§ **Extracted entries**
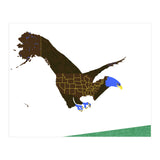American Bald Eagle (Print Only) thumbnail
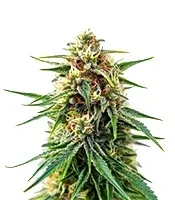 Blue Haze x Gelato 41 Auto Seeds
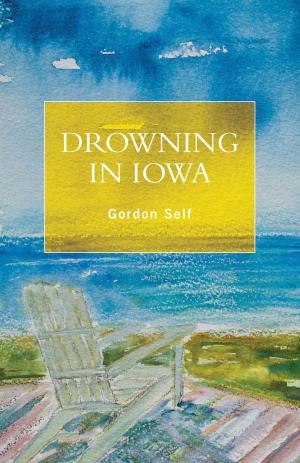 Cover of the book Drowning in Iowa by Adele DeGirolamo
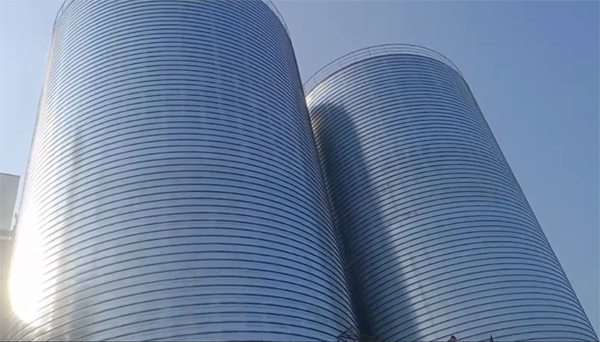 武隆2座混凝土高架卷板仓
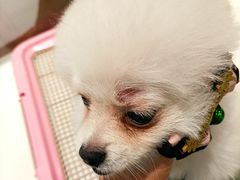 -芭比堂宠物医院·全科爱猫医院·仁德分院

* * *

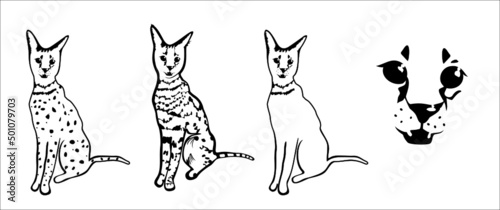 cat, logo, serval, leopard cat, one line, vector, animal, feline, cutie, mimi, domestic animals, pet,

§ **Required work**
Pictures excluded, transcribe the listing above exactly from the line with "American Bald Eagle (Print Only) thumbnail" through the line with "-芭比堂宠物医院·全科爱猫医院·仁德分院", and no further.

§ **Response to this exercise**
American Bald Eagle (Print Only) thumbnail
 Blue Haze x Gelato 41 Auto Seeds
 Cover of the book Drowning in Iowa by Adele DeGirolamo
 武隆2座混凝土高架卷板仓
 -芭比堂宠物医院·全科爱猫医院·仁德分院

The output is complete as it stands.